Paul Gustard comments: Sometimes it is best to say nothing at all is advice many believe is worth heeding at times. We feel that might have been a better option for Gustard last week when his comments about former club Harlequins sounded a touch salty. While there’s little doubt that the foundations Gustard laid at the side before his departure were crucial to their Premiership title success – he signed prop Wilco Louw and inside centre Andre Esterhuizen and brought through wing Louis Lynagh – to say he was “delighted for most of the players” we felt did not need to be said. While there might have been issues with some personnel in the Quins ranks, sometimes it is just not worth airing in public afterwards. Now Benetton coach Gustard and those involved know what happened and we feel this may have been better kept quiet.

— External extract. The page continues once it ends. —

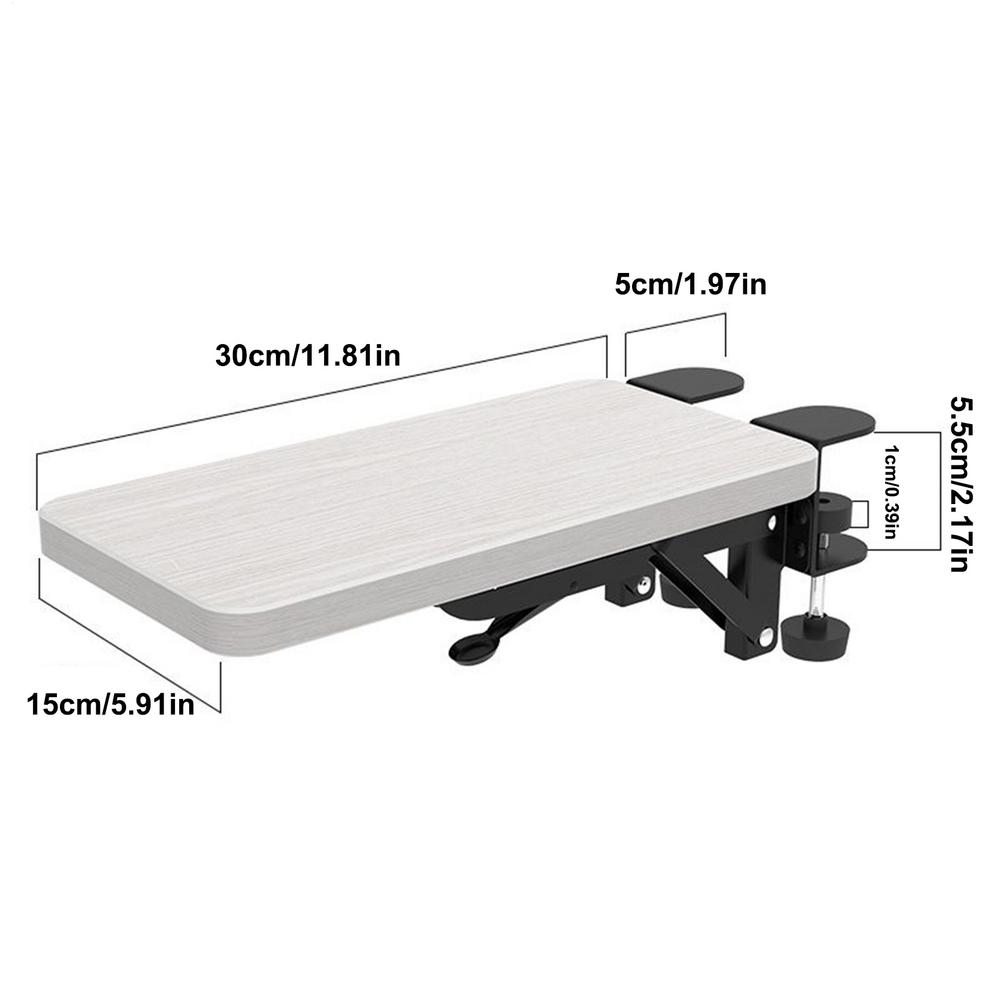 Computer Arm Bracket Convenient MousePad Holder Computer Desk Extender Foldable Armrest Rack For Desk Home Desktop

Lions lose another: After coming bottom of the Rainbow Cup SA standings and currently languishing at the basement of the Currie Cup table, things have been looking increasingly bleak at the Sigma Lions over the past year. It’s a huge shame that the three-time Super Rugby finalists have dropped off from those impressive days that saw top class players adopt an exciting and successful brand of rugby that made them many people’s second favourite team. Part of the big issue has been a gradual exodus of coaches and players who moved on to pastures new, with Johan Ackermann and Swys de Bruin’s departures coinciding with the likes of Ruan Ackermann, Franco Mostert, Faf de Klerk and more leaving the club. The latest exit came last week when it was announced Courtnall Skosan had signed for Premiership side Northampton Saints and with a testing season in the inaugural United Rugby Championship on the horizon, one fears for the Lions in that competition.

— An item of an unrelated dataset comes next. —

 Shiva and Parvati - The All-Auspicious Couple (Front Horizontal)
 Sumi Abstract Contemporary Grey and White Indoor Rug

Scott Robertson made to wait again: It very much looks like the Crusaders head coach will have to wait until at least 2023 to get his shot as the All Blacks’ head coach. Ian Foster signed a new deal with New Zealand Rugby to remain as boss of the national team until the conclusion of the Rugby World Cup in France earlier this week, leaving Robertson to concentrate on Super Rugby matters. While it wasn’t exactly surprising, you question whether it is the right decision considering how below par – by their high standards – the three-time world champions have been since 2019. Supporters weren’t happy with Foster’s appointment to start with and the team have hardly inspired under the former Chiefs boss. To some extent NZR’s hands were tied, given the lack of matches against anyone other than Australia or Argentina, but they may well regret ignoring Robertson during this World Cup cycle, especially if another major international team comes sniffing.

Welsh club player’s death: Tributes have poured in for Cwmllynfell RFC player Alex Evans, who collapsed and died after suffering a cardiac arrest during a recent memorial game in South Wales. The 31-year-old flanker was playing in the match but left the field when he started to feel unwell and later collapsed. Evans was treated by first responders and the ambulance service but unfortunately died at the scene. A GoFundMe page to help Evans’ family has been set up and at the time of writing more than £15,000 has been raised. Since Evans’ death, there have also been calls for all Welsh rugby clubs to be issued with a defibrillator. Our thoughts are with Evans’ family and friends.

Partying Du’Plessis: It is always hugely disappointing when sportsmen or women ignore guidance on Covid-19, but unfortunately there was another case, this time in New Zealand, where Hurricanes and Wellington Lions loose forward Du’Plessis Kirifi landed himself in hot water with New Zealand’s authorities after he was caught partying during the Level Four lockdown in Wellington. The Wellington captain issued a public apology for the lockdown breaches after he and his girlfriend, netballer Mila Reuelu-Buchanan, hosted and attended parties despite the guidance being in place. Politicians, sportspeople and the general public must all follow the rules to the letter in these times.